„Wo soll ich die Datei speichern – in OneDrive oder SharePoint?” Diese Frage stellen Mitarbeitende nach der Einführung von Microsoft 365 regelmäßig. Beide Dienste speichern Dateien in der Microsoft-Cloud, beide sind über den Browser oder den Windows Explorer erreichbar. Trotzdem sind sie für grundlegend verschiedene Zwecke gedacht.
OneDrive: Der persönliche Arbeitsspeicher
OneDrive ist der persönliche Cloud-Speicher jedes Nutzers. Jeder Mitarbeitende mit einer Microsoft 365-Lizenz bekommt 1 TB OneDrive-Speicher, der ausschließlich ihm gehört.
Was OneDrive ist:
- Persönlicher Dateispeicher für Arbeitsdokumente, die noch in Bearbeitung sind
- Synchronisiert automatisch mit dem Windows-Desktop, Dokumente-Ordner und weiteren lokalen Ordnern
- Zugänglich von allen Geräten des Nutzers (Windows, macOS, iOS, Android)
- Sharelinks ermöglichen die Weitergabe einzelner Dateien an Kollegen oder externe Personen
Wann OneDrive richtig ist:
- Eigene Entwürfe, Notizen, Arbeitsdokumente in Bearbeitung
- Dateien, die nur Sie brauchen oder die noch nicht fertig sind
- Persönliche Arbeitsunterlagen, die nicht zum Teambestand gehören
Wichtig: Wenn ein Mitarbeitender das Unternehmen verlässt und sein Konto deaktiviert wird, werden seine OneDrive-Daten nach einer Übergangsfrist gelöscht. Dateien, die im Team benötigt werden, dürfen daher nicht dauerhaft nur in OneDrive liegen.
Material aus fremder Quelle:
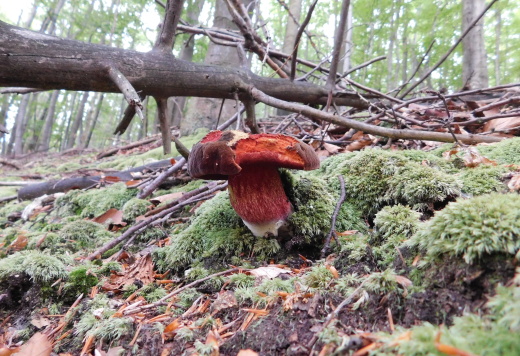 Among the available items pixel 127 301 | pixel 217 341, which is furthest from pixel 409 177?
pixel 127 301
SharePoint: Die gemeinsame Teamablage
SharePoint ist die kollaborative Dokumentenplattform für Teams und Abteilungen. Jedes Microsoft Team in Teams basiert technisch auf einer SharePoint-Site – die „Dateien”-Registerkarte in Teams ist tatsächlich SharePoint im Hintergrund.
Was SharePoint ist:
- Gemeinsamer Dateispeicher für Teams, Projekte und Abteilungen
- Dokumente gehören dem Team, nicht dem einzelnen Nutzer
- Unterstützt komplexe Berechtigungsstrukturen (wer darf lesen, bearbeiten, verwalten?)
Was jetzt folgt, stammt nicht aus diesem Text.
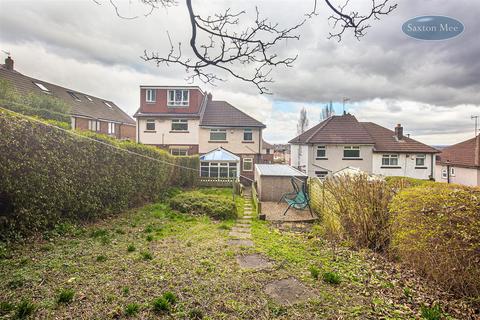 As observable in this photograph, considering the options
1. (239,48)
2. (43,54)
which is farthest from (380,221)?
(43,54)

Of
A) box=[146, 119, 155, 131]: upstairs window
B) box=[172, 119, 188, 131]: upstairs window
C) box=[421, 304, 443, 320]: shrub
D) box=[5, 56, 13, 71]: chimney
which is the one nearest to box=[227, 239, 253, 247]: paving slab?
box=[421, 304, 443, 320]: shrub

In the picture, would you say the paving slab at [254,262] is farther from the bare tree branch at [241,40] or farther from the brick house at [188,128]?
the brick house at [188,128]

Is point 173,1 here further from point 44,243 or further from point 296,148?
point 296,148

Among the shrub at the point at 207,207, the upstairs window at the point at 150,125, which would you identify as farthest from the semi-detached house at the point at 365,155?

- Ermöglicht Wikis, Listen, Intranet-Seiten und strukturierte Inhaltsverwaltung
- Versionsverlauf, Genehmigungsworkflows und Metadaten möglich
Wann SharePoint richtig ist:
- Finale, freigegebene Dokumente, die das gesamte Team benötigt
- Vorlagen, Handbücher, Prozessdokumentation
- Projektdokumentation, die mehrere Personen gemeinsam bearbeiten
- Alles, was auch nach dem Ausscheiden eines Mitarbeitenden verfügbar bleiben muss
Das Zusammenspiel in der Praxis
In einer gut strukturierten Microsoft 365-Umgebung arbeiten OneDrive und SharePoint Hand in Hand:
- Sie beginnen ein Dokument in OneDrive – es ist Ihr Entwurf.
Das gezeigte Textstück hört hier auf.